------ Given data
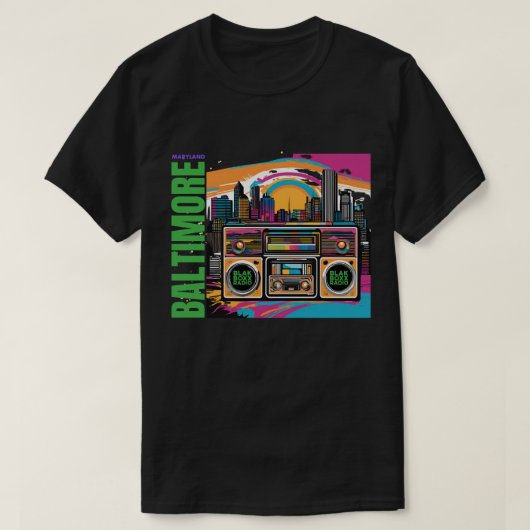 T-shirt Radio Blakboxx (Design devant)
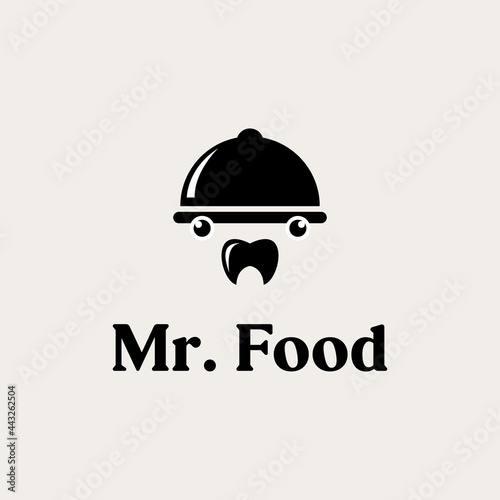 Mr Food logo design inspiration. With a flat and elegant style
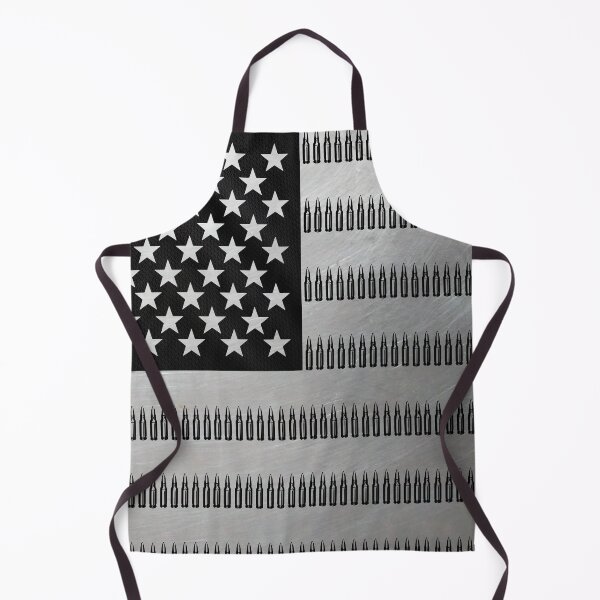 Item preview, Ammunition Stripe American Flag – Black and Silver USA Flag Design designed and sold by artistwill.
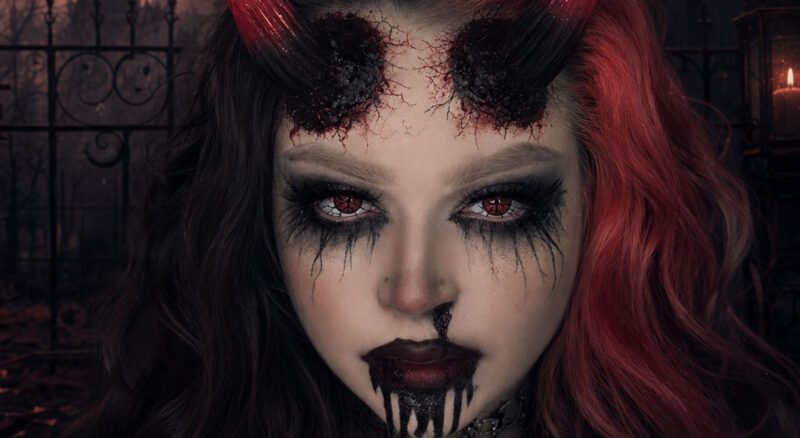 Red Demon Contact Lenses: Crimson Eyes for Devilish Looks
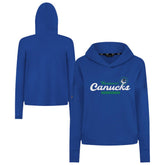 Vancouver Canucks Levelwear Women's Sweet Monument Tri-Blend Cropped Pullover Hoodie Royal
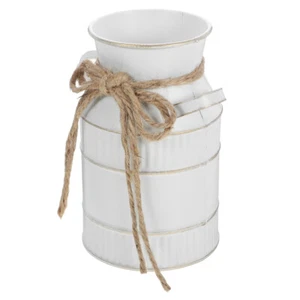 Metal Flower Bucket Large Vases for Flowers Office Container Bottle Farmhouse - Picture 1 of 12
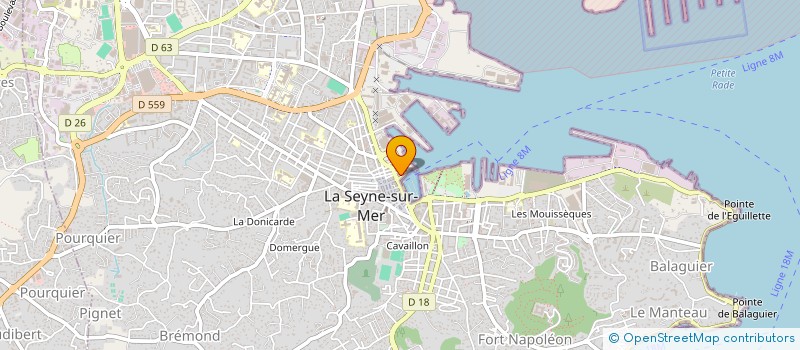 localisation de l'entreprise MONSIEUR MOKHTAR DRIDI à LA SEYNE-SUR-MER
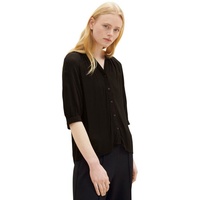 Tom Tailor Denim Bluse STRUCTURED in Schwarz | Gr.:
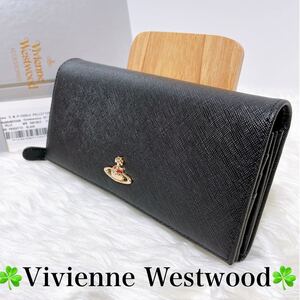 Vivienne Westwood ヴィヴィアン 人気 ブラック 長財布 未使用 J-007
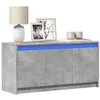Image de Vidaxl Meuble Tv Avec Led Gris BÃ©ton 100x34x50 Cm Bois D'ingÃ©nierie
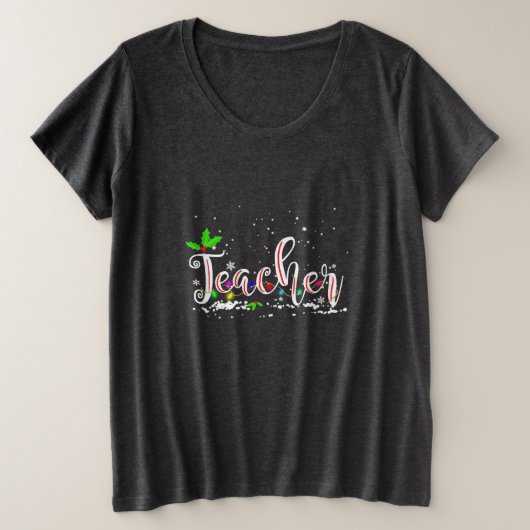 先生 プラスサイズTシャツ (デザイン正面)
------------
Exercise >>
Your output is the lines from the top of the entries through the line containing "Item preview, Ammunition", exactly as they stand. No pictures belong in it.

Written answer >>
 T-shirt Radio Blakboxx (Design devant)
 Mr Food logo design inspiration. With a flat and elegant style
 Item preview, Ammunition Stripe American Flag – Black and Silver USA Flag Design designed and sold by artistwill.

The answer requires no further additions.